Если бы не опасение унизить себя перед столь многолюдным собранием, я бы охотно бросился к ногам этого великодушного игрока, чтобы отблагодарить его за Неслыханную щедрость. Но мало-помалу после того, как я его покинул, неисцелимое недоверие вернулось в мою грудь: я не смел более верить такому огромному счастью и, ложась спать и все еще по старой глупой привычке творя свою молитву, повторял в полусне: «Боже мой, Господи, Боже мой, сделай так, чтобы Дьявол сдержал свое слово».
XXX
Веревка
Эдуарду Мане
Иллюзии, говорил мне мой друг, может быть, так же бесчисленны, как и отношение людей друг к другу или к вещам. И когда иллюзия исчезает, то есть когда мы видим существо или факт таким, как он существует вне нас, мы испытываем странное чувство, сложенное наполовину из сожаления об исчезнувшем призраке, наполовину из приятного изумления перед новостью, перед реальным фактом. Если существует явление очевидное, обыденное, всегда равное себе и в природе которого нельзя ошибиться, так это материнская любовь. Так же трудно представить себе мать без материнской любви, как свет без теплоты; и не законно ли поэтому относить на счет этой любви все поступки и слова матери, касающиеся ее ребенка? Однако послушайте эту небольшую историю, где я был странным образом введен в заблуждение самой естественной иллюзией.

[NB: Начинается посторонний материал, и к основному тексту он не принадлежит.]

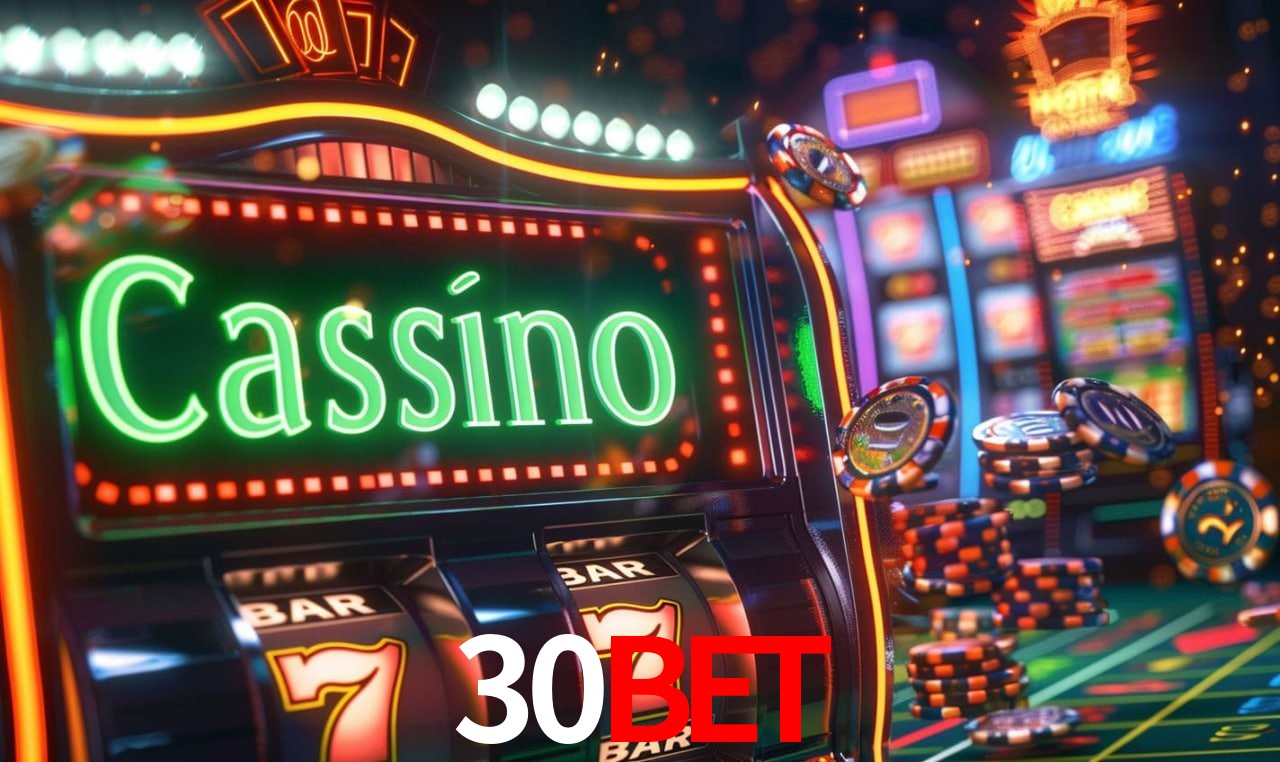 Estatísticas 30BET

Моя профессия художника заставляет меня внимательно вглядываться в лица, в выражения встречающихся на моем пути людей, а вы знаете, какую радость извлекаем мы из этой способности, делающей жизнь в наших глазах более оживленной и полной смысла, чем у других людей. В отдаленном квартале, где я живу и где строения до сих пор разделены широкими поросшими травой пустырями, я часто встречал ребенка, знойное и шаловливое личико которого пленило меня с первого взгляда среди других детских лиц. Он позировал мне не раз, и я превращал его то в цыганенка, то в ангела, то в мифологического Амура. Я заставлял его держать то скрипку бродячего музыканта, то Факел Эрота, то носить Терновый Венец и Гвозди Распятия. Проказы этого мальчугана доставляли мне такое живое удовольствие, что я однажды упросил его родителей, людей бедных, уступить его мне, обещая хорошо одевать его, давать немного денег и не налагать на него никакой работы, кроме чистки кистей и исполнения моих поручений. Отмытый, мальчуган стал прелестен, и жизнь у меня казалась ему раем сравнительно с той, которую ему пришлось бы терпеть в отцовской конуре.
Я должен, однако, сказать, что этот маленький человечек удивлял меня не раз странными приступами преждевременной тоски и что он скоро проявил чрезмерное пристрастье к сладостям и к ликерам. Убедившись однажды, что, несмотря на мои многочисленные предупреждения, он учинил еще новое воровство в том же роде, я пригрозил ему отослать его обратно к родителям. Затем я вышел, и дела задержали меня довольно долго в отсутствии.
Каковы же были мой ужас и мое изумление, когда по возвращении домой первое, что мне бросилось в глаза, был мой мальчуган, шаловливый спутник моей жизни, висевший на дверце вот этого шкафа! Его ноги почти касались пола; стул, который он, очевидно, оттолкнул ногой, валялся рядом; голова судорожно пригнулась к плечу, распухшее лицо и широко раскрытые, с ужасающей неподвижностью смотревшие глаза произвели на меня сначала обманчивое впечатление жизни. Снять его с петли было не таким легким делом, как вы можете подумать. Он уже сильно окоченел, и я испытывал неизъяснимое отвращение к тому, чтобы дать ему грубо упасть прямо на пол. Приходилось одной рукой поддерживать его тело, а другой перерезать веревку. Но и этим еще не все было сделано; маленький злодей воспользовался очень тонкой бечевкой, которая глубоко врезалась в тело, и теперь, чтобы освободить его шею, нужно было тонкими ножницами нащупать бечевку в глубине между двух вздувшихся складок.
Я забыл вам сказать, что я звал громко на помощь, но все мои соседи отказали мне в ней, верные в этом отношении обычаю цивилизованных людей: никогда почему-то не вмешиваться в дела повешенных. Наконец, прибыл доктор, который и объявил, что ребенок уже несколько часов как умер. Когда, позднее, нам пришлось его раздевать для погребения, то трупное окоченение тела было таково, что, потеряв надежду согнуть его члены, мы были принуждены разрывать и разрезать одежды, чтобы снять их с него.
Полицейский, которому я, естественно, должен был заявить о происшествии, посмотрел на меня искоса и сказал: «Дело темное!» – движимый, вероятно, застарелым стремлением и должностной привычкой нагонять на всякий случай страх на правых и виновных.